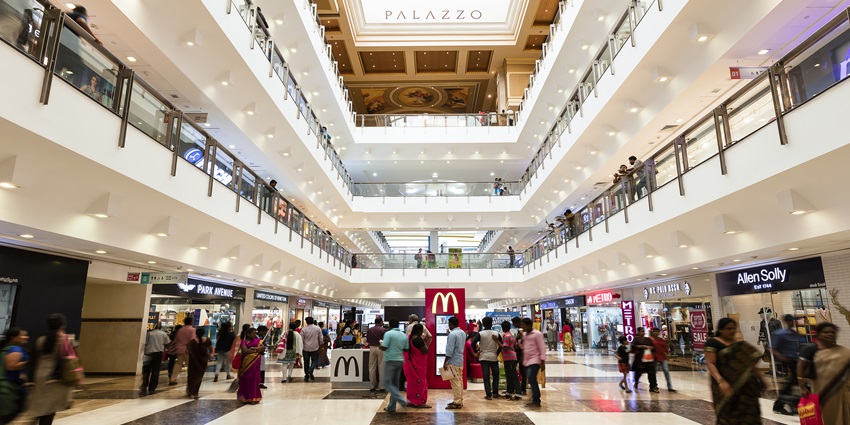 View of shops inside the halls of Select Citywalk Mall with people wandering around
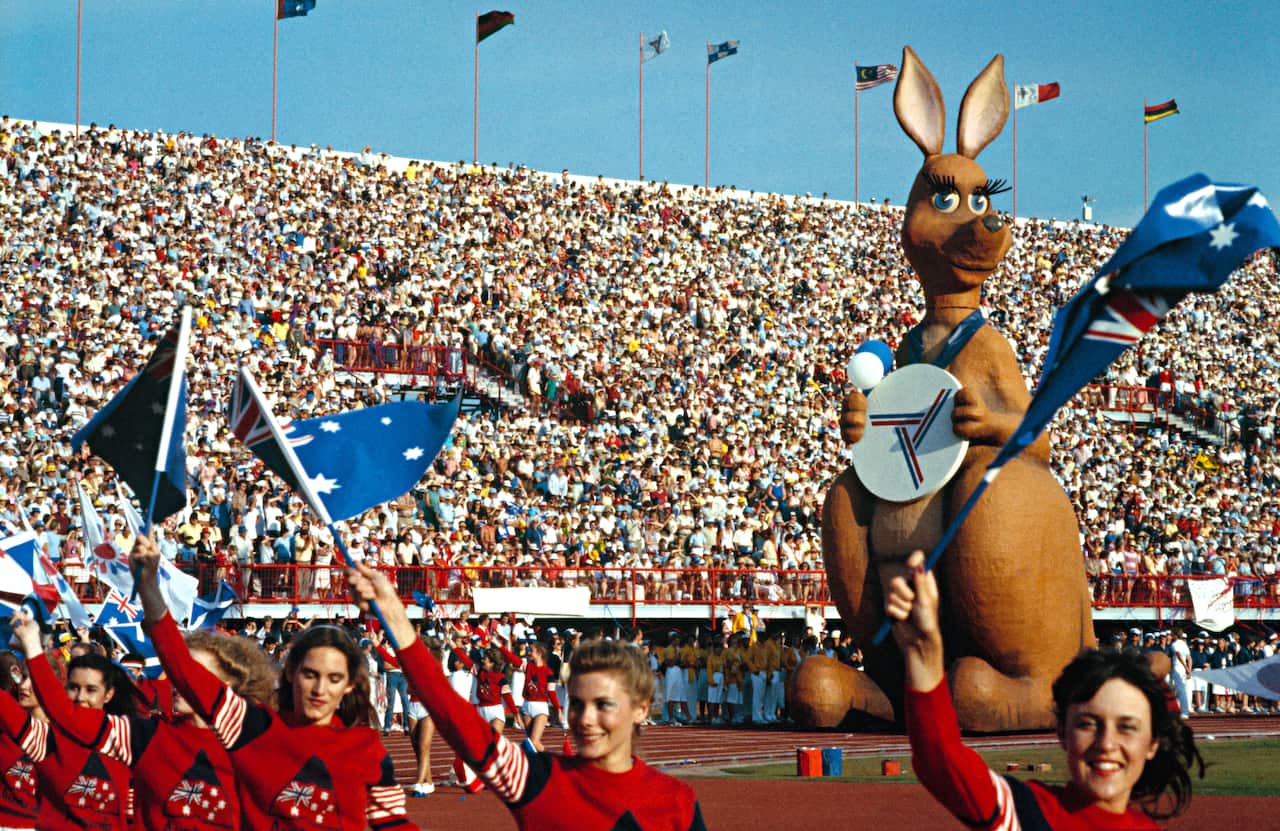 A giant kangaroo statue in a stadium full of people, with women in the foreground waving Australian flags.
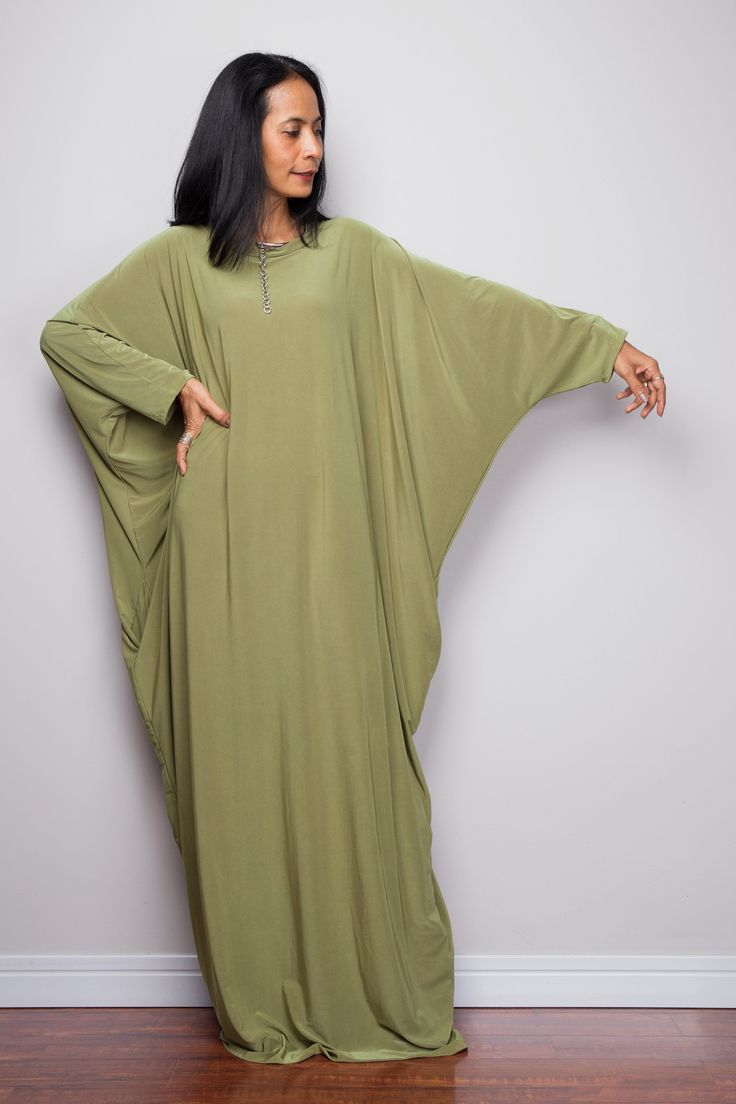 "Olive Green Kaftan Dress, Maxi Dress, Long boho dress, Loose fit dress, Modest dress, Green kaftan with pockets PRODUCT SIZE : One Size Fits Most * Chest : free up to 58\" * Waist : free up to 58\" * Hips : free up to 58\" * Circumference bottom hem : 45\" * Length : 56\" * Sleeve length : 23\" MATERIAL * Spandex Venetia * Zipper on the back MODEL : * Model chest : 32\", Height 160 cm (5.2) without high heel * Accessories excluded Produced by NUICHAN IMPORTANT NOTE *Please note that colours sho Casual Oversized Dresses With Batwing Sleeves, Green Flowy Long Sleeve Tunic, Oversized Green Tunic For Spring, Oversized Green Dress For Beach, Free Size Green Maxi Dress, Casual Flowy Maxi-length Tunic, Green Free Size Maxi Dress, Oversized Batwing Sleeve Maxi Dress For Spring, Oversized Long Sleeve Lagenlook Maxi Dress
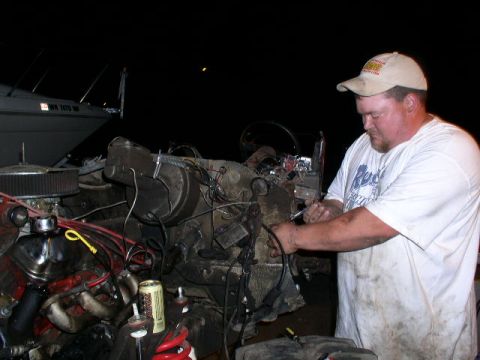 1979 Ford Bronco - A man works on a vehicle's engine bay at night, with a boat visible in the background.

* [Work request]
Print the material word for word without images.

* [Answer box]
 View of shops inside the halls of Select Citywalk Mall with people wandering around
 A giant kangaroo statue in a stadium full of people, with women in the foreground waving Australian flags.
 "Olive Green Kaftan Dress, Maxi Dress, Long boho dress, Loose fit dress, Modest dress, Green kaftan with pockets PRODUCT SIZE : One Size Fits Most * Chest : free up to 58\" * Waist : free up to 58\" * Hips : free up to 58\" * Circumference bottom hem : 45\" * Length : 56\" * Sleeve length : 23\" MATERIAL * Spandex Venetia * Zipper on the back MODEL : * Model chest : 32\", Height 160 cm (5.2) without high heel * Accessories excluded Produced by NUICHAN IMPORTANT NOTE *Please note that colours sho Casual Oversized Dresses With Batwing Sleeves, Green Flowy Long Sleeve Tunic, Oversized Green Tunic For Spring, Oversized Green Dress For Beach, Free Size Green Maxi Dress, Casual Flowy Maxi-length Tunic, Green Free Size Maxi Dress, Oversized Batwing Sleeve Maxi Dress For Spring, Oversized Long Sleeve Lagenlook Maxi Dress
 1979 Ford Bronco - A man works on a vehicle's engine bay at night, with a boat visible in the background.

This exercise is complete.